Hello lovelies! It’s March Favorites time! March is always a bit of a weird month—Winter has one foot out the door, life picks up the pace and gets busy, and the days start stretching just enough to trick me into thinking I’m getting your life together (spoiler alert: I’m not). Buuuut, I DID consume some excellent stuff this month!
I Read…
FOR SHE IS WRATH by the amazing Emily Varga: a dark romantic fantasy retelling of THE COUNT OF MONTE CRISTO, in which one girl seeks revenge against those who betrayed her—including the boy she used to love.
The protagonist is a badass force of nature—complex, powerful, and not here to play nice. Think morally gray, emotionally layered, and the kind of girl who can set the world on fire. The worldbuilding is lush (with beautiful Pakistani influences), the magic system has bite, and the pacing is *chef’s kiss!* Plus, there’s that simmering, high-chemistry tension in the relationships—enough to keep you flipping pages waaay past your bedtime.

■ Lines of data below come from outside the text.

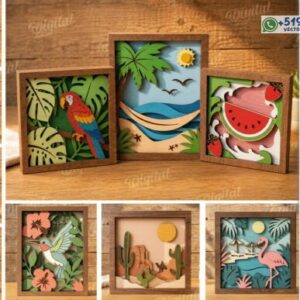 Pack de cuadros tropicales decorativos en capas – Diseños vectoriales para pared y repisa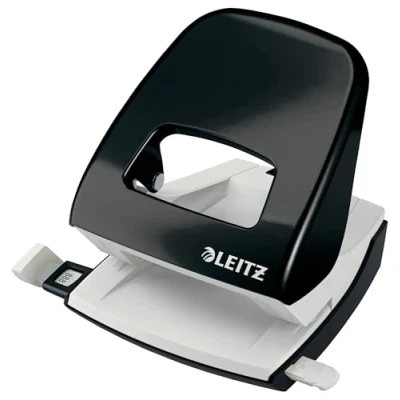 Image of Leitz Hole Punch, 30 Sheets, Guide Bar with Format Markings, Metal, NeXXt Range, 50082095 Black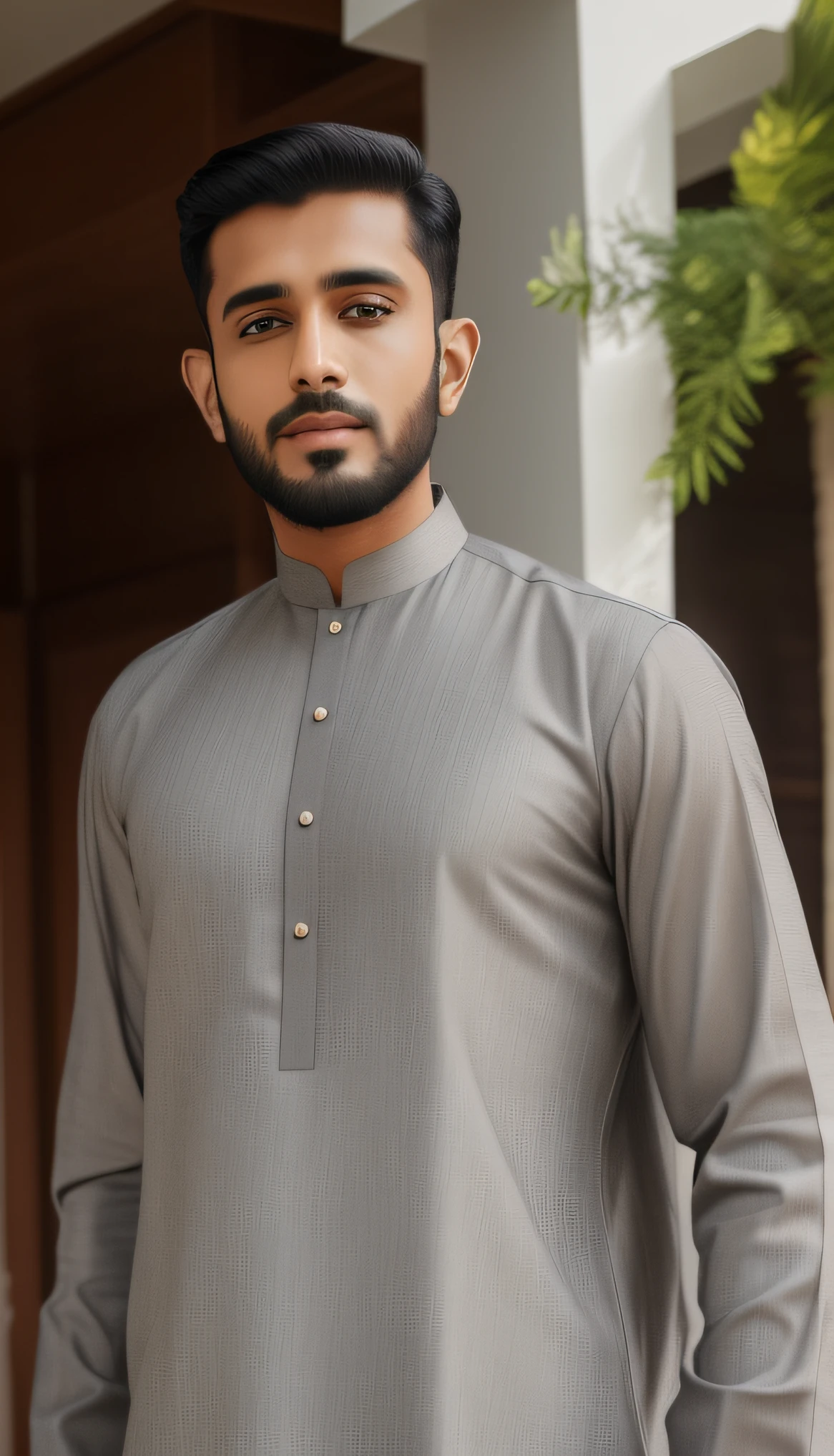 stylish man in a gray shirt standing in front of villa , kyza saleem, wearing a kurta, dressed thobe, wearing a kurta, full body picture, handsome man, taken on iphone 14 pro, full body photogenic shot,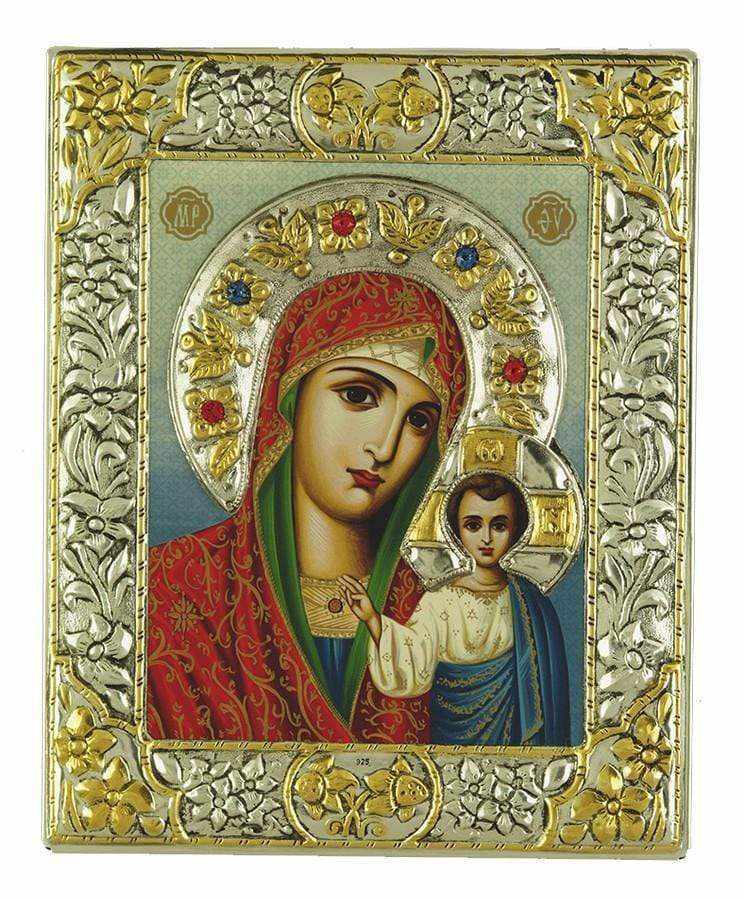 Our Lady of Kazan - Silver image in wood, locally gilded - Mount Athos — additional product image 6 from Christianity Art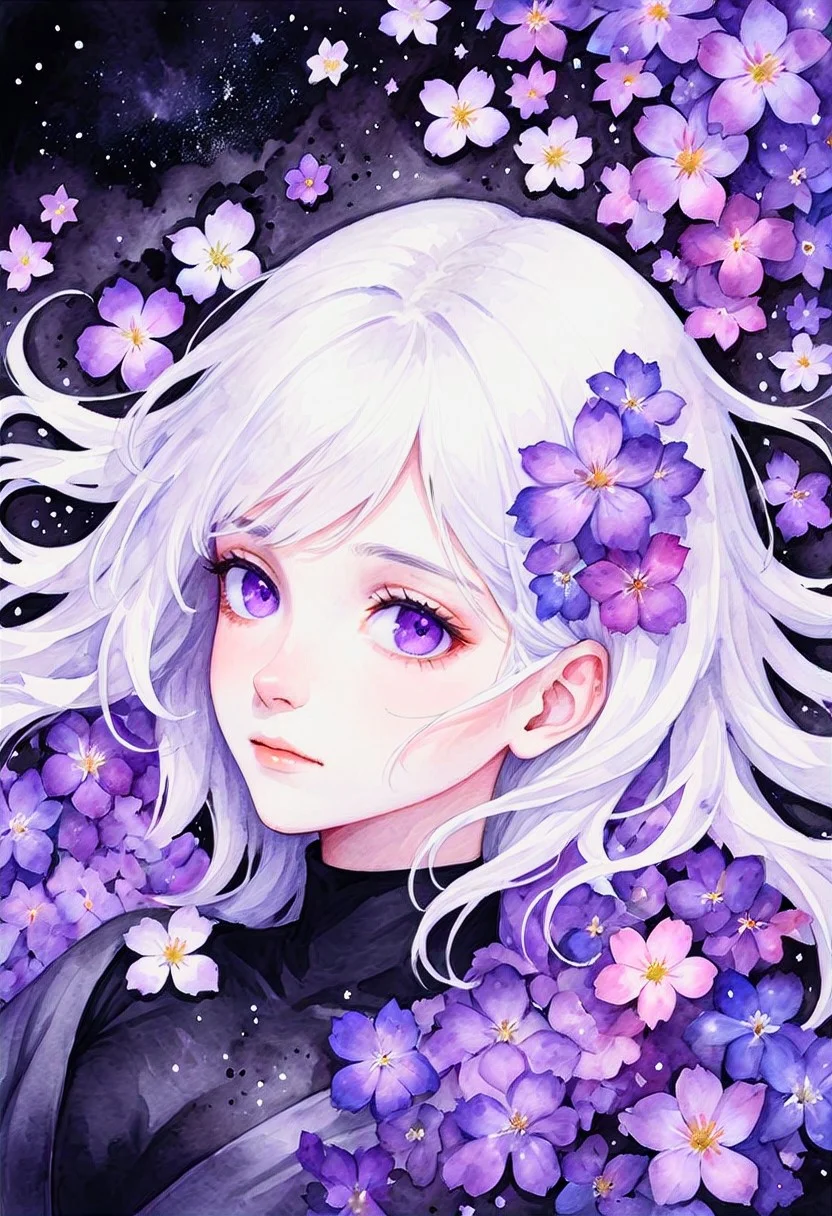 watercolor portrait, a young woman with white hair and purple eyes laying down, her hair is covered in galaxy blossoms, the black sand surrounds her head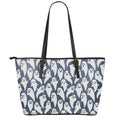 Halloween Ghost Pattern Print Leather Tote Bag With Zipper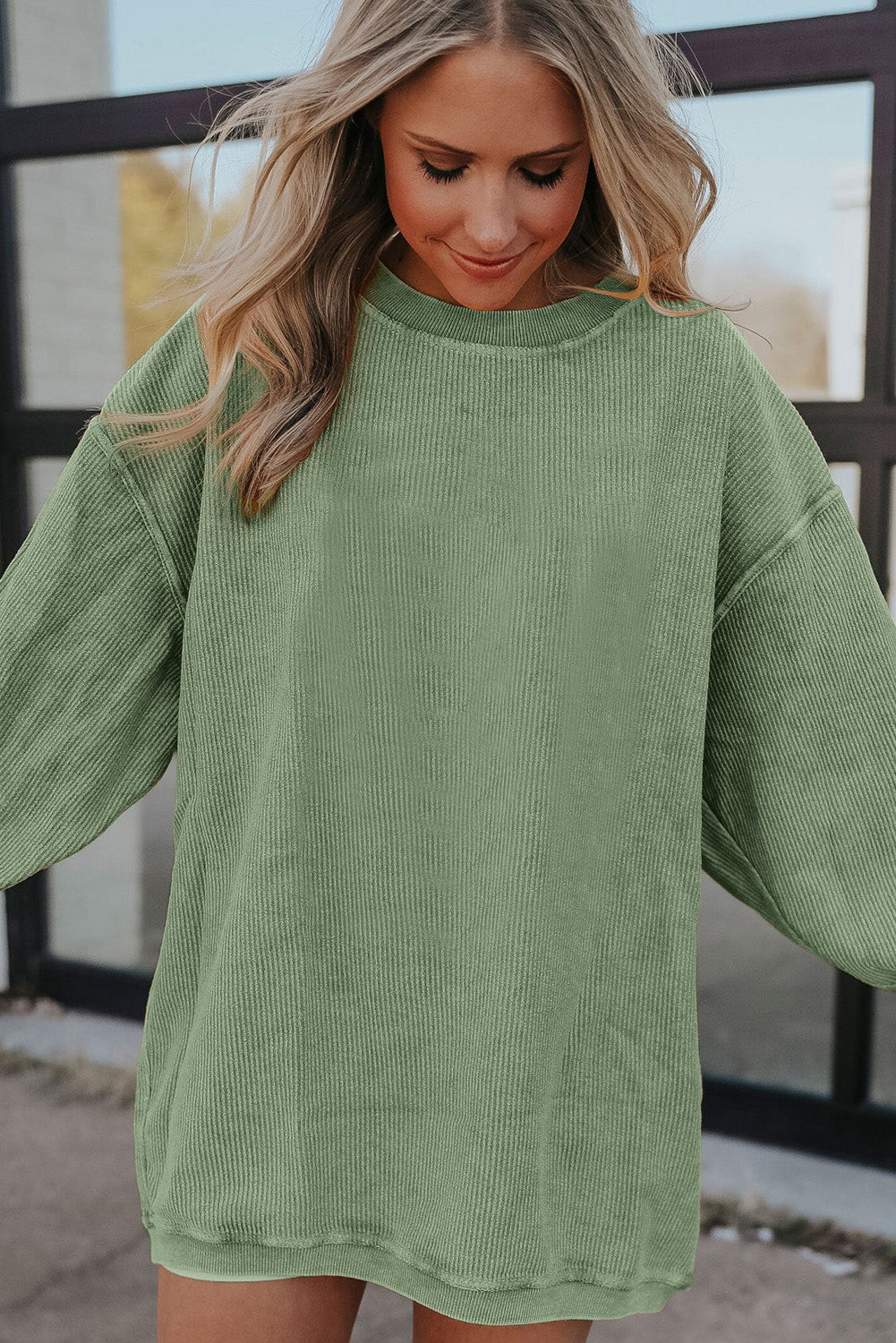 Light Grey Drop Shoulder Ribbed Oversized Sweatshirt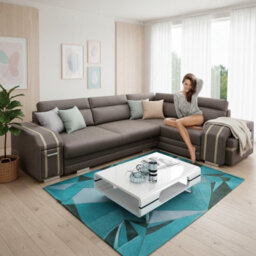 Avatar Corner Sofa Bed With Pouffe Cocktail Cabinet Foam Cushions Sinuous Springs Wood Frame 300X200Cm Brown And Beige Right - thumbnail 2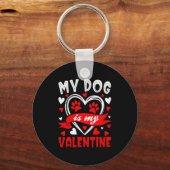 My Dog Is My Valentine Funny Paw Heart Pet Owner P Sleutelhanger (Voorkant)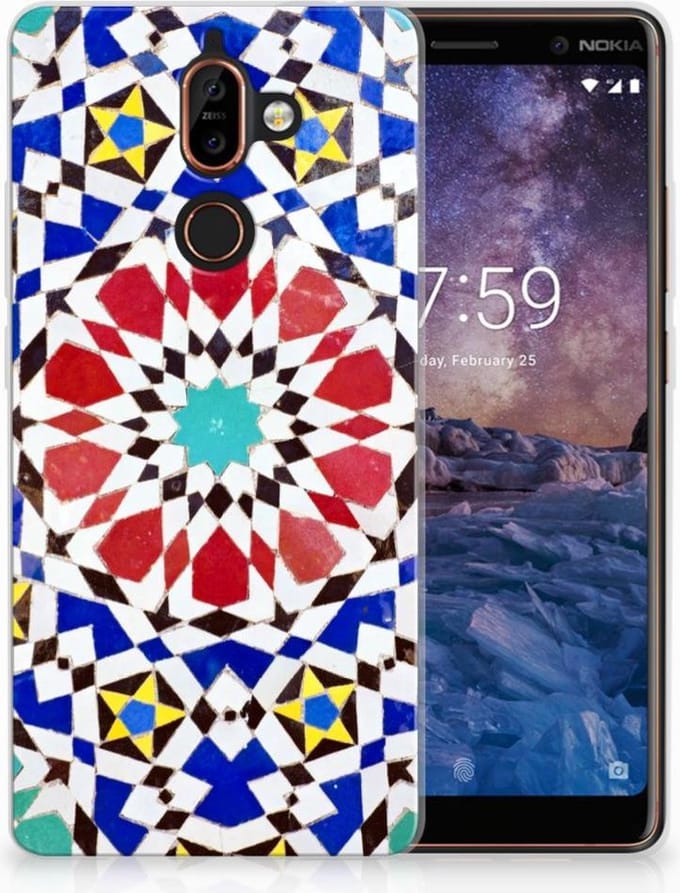 Nokia 7 Plus TPU Siliconen Hoesje Mozaïek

Also: I had the absolute pleasure of meeting Emily during the WWTS Storyteller’s Retreat in Scotland last fall (which still feels like a dream, honestly). She’s as fierce and splendid as her writing! If you’re a sucker for YA fantasy with strong female leads (hi, same), please give this one a read!
I Watched…
YELLOWSTONE, in which Kevin Costner (ohhhh, YES) stars as John Dutton, the patriarch of a Montana ranching family. He is forced to defend a vanishing way of life as business interests and (questionable) politicians plot and scheme to force him out.
OH MY HEART! This show is something else! It’s gritty, dramatic, unapologetically intense, and completely addictive. Beyond the WILD family dynamics, cowboy chaos, and sweeping Montana backdrops, this series is a masterclass in character development: every person on the Dutton ranch has a complex backstory and a distinct fatal flaw that makes them do wildly questionable things—and yet we completely understand where they’re coming from and why they’re doing it! As a writer, it’s such a good reminder that compelling characters don’t have to be likable—they just have to be real. Watching this series with my writer-brain turned on was mindboggling and humbling and AWESOME.
Also: the dialogue? Gahhh, so good!
I Listened to…
THE RITE OF SPRING, a ballet and orchestral concert work by the Russian composer Igor Stravinsky. He wrote it in 1913, about a ritualistic dance in which one girl is chosen to dance herself to death to celebrate the start of spring. It’s a wild, dissonant, kind of aggressive piece, and feels like the musical equivalent of the earth cracking open.
What’s so inspiring is how fearlessly it broke the mold of what people believed music should be. Stravinsky leaned into the strange, the primal, the unpredictable, and in doing so, he completely redefined what music could be. Apparently, it caused a riot at its premiere (iconic).